Towards a Prescriptive Field Testing Pipeline: How Data Science and Digital Technologies drive the Development of Future Crop Protection Products


Advanced field trial designs, modern sensor technologies and cutting-edge data analytics are a powerful combination that is having a significant and growing impact on Bayer's crop protection field testing pipeline. This presentation provides a use-case rich introduction to how these three areas are being used, how they interact and how they contribute to the future vision of a prescriptive R&D pipeline.

About Dr. Philipp Senger

Philipp Senger brings a strong background in data science and has been successfully applying approaches such as machine learning, visual analytics, robotics, and semantic technologies to solve challenges in various life sciences for more than 15 years. He received his Ph.D. in Bioinformatics from the University of Tübingen in 2011 and worked for several years at the exciting interface between science and industrial application of technology in various projects and organizations. He joined Bayer CropScience in early 2016 and currently leads the Analytics and Pipeline Design team within Field Solution Technologies, which is globally responsible for all types of digital technologies and analyses related to field data in crop protection development.
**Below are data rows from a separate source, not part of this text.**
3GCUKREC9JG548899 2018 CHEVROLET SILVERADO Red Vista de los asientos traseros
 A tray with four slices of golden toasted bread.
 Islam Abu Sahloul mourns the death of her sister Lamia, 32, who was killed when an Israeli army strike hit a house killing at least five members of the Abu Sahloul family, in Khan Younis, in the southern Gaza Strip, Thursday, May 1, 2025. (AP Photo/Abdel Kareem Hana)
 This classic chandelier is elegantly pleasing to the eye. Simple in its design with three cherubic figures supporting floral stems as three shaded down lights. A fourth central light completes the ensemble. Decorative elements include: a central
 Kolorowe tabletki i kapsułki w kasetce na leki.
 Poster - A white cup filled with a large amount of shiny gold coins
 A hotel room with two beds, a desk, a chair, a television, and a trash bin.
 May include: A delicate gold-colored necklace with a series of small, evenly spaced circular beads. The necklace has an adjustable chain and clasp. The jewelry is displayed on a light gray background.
Prof. Dr. Mihaela van der Schaar


A Journey Through 5 Groundbreaking ML Innovations

About Prof. Dr. Mihaela van der Schaar

Mihaela van der Schaar is the John Humphrey Plummer Professor of Machine Learning, Artificial Intelligence and Medicine at the University of Cambridge and a Fellow at The Alan Turing Institute in London. In addition to leading the van der Schaar Lab, Mihaela is founder and director of the Cambridge Centre for AI in Medicine (CCAIM).

Mihaela was elected IEEE Fellow in 2009. She has received numerous awards, including the Oon Prize on Preventative Medicine from the University of Cambridge (2018), a National Science Foundation CAREER Award (2004), 3 IBM Faculty Awards, the IBM Exploratory Stream Analytics Innovation Award, the Philips Make a Difference Award and several best paper awards, including the IEEE Darlington Award.

Mihaela is personally credited as inventor on 35 USA patents, many of which are still frequently cited and adopted in standards. She has made over 45 contributions to international standards for which she received 3 ISO Awards. In 2019, a Nesta report determined that Mihaela was the most-cited female AI researcher in the U.K.